» **WHAT YOU ARE ASKED TO DO**
All lines from the one with "Hoofdafbeelding Audi S1" through the last are to be given again exactly as they stand in the data below, and only those.

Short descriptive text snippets
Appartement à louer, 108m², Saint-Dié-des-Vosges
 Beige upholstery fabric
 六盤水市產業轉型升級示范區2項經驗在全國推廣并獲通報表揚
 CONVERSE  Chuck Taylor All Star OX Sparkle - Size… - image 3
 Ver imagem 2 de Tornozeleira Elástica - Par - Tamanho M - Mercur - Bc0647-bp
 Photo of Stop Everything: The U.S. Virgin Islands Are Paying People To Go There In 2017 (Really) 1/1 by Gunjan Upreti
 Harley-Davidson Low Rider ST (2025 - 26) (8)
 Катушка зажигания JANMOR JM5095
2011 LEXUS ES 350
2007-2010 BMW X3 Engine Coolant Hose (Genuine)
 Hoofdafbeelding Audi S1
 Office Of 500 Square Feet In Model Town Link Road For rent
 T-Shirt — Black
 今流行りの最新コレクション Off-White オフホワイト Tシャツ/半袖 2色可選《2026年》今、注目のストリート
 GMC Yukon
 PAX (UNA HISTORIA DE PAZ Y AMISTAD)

» **SOLUTION FOR THIS TASK**
 Hoofdafbeelding Audi S1
 Office Of 500 Square Feet In Model Town Link Road For rent
 T-Shirt — Black
 今流行りの最新コレクション Off-White オフホワイト Tシャツ/半袖 2色可選《2026年》今、注目のストリート
 GMC Yukon
 PAX (UNA HISTORIA DE PAZ Y AMISTAD)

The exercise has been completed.